Le 16 octobre 2020, le message change de ton. Le ministère du Travail demande aux entreprises situées dans les zones de couvre-feu de définir un nombre minimal de jours télétravaillés pour les postes qui le permettent. Deux semaines plus tard, le deuxième confinement national transforme cette recommandation renforcée en ligne d'organisation dominante.

La différence avec mars est fondamentale. Au printemps, les entreprises improvisaient. En octobre, elles savent. Elles ont déjà testé les VPN, les outils de visioconférence, les réunions à distance, les limites du management par messagerie. La deuxième vague ne découvre pas le télétravail : elle oblige à le professionnaliser.

Le télétravail n'est plus une faveur

Avant la crise sanitaire, beaucoup d'entreprises traitaient le télétravail comme un avantage individuel. Il fallait le demander, le justifier, parfois l'arracher. En octobre 2020, il devient un instrument collectif de réduction des interactions sociales. Le sujet sort de la négociation de confort pour entrer dans la gestion du risque.

Ce glissement change tout. Le télétravail n'est plus seulement une question de confiance entre manager et salarié. Il devient un paramètre d'organisation qui touche les transports, les jauges de bureau, la santé au travail, la continuité d'activité et l'immobilier.

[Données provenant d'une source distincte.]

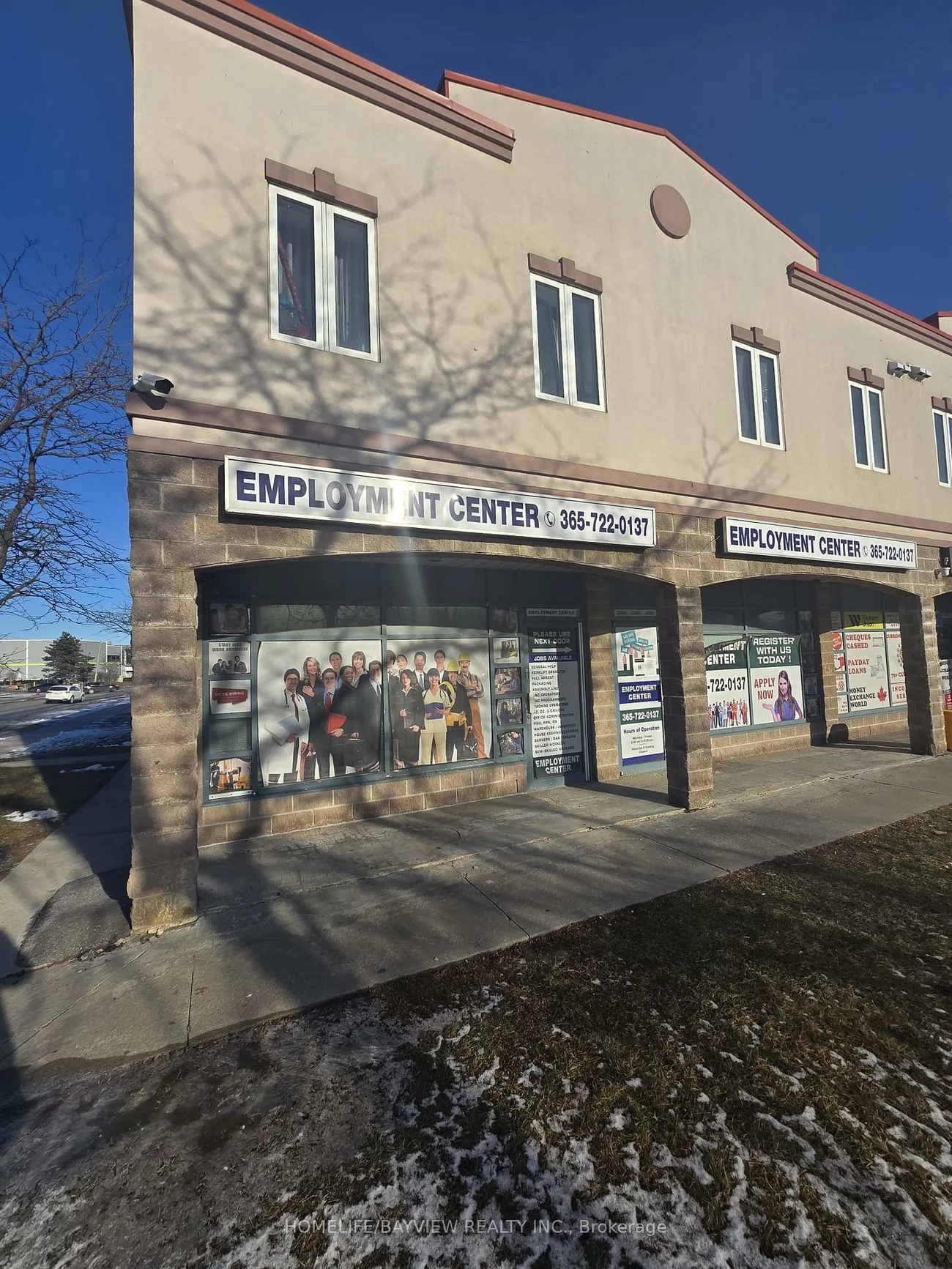 7171, Goreway, Malton, Mississauga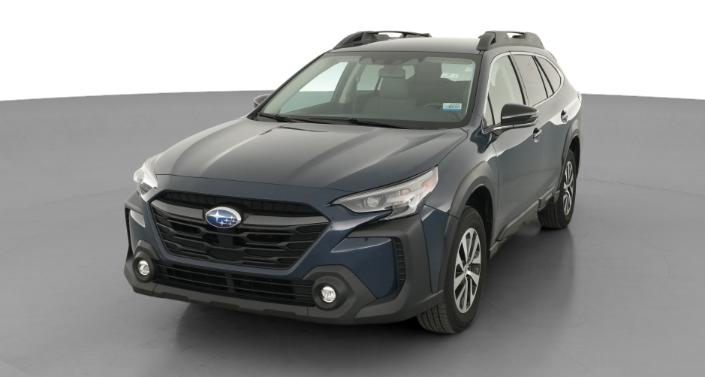 Thumbnail: 2023 Subaru Outback - 1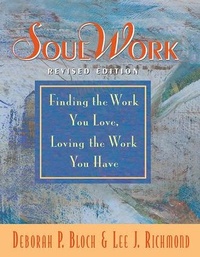 Enlarge image Cover: SoulWork - Routledge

Les entreprises doivent fixer des règles

La formule gouvernementale du nombre minimal de jours télétravaillés oblige les directions à sortir du flou. Combien de jours ? Pour quels métiers ? Avec quelles exceptions ? Qui arbitre lorsqu'un manager veut faire revenir son équipe alors que le poste est compatible avec le travail à distance ?

Les entreprises qui avaient seulement toléré le télétravail au printemps se retrouvent en difficulté. Elles n'ont pas toujours d'accord formalisé, pas de doctrine claire sur les frais, pas de règles sur les horaires, pas de vraie prévention des risques psychosociaux liés à l'isolement. La deuxième vague révèle les angles morts du bricolage.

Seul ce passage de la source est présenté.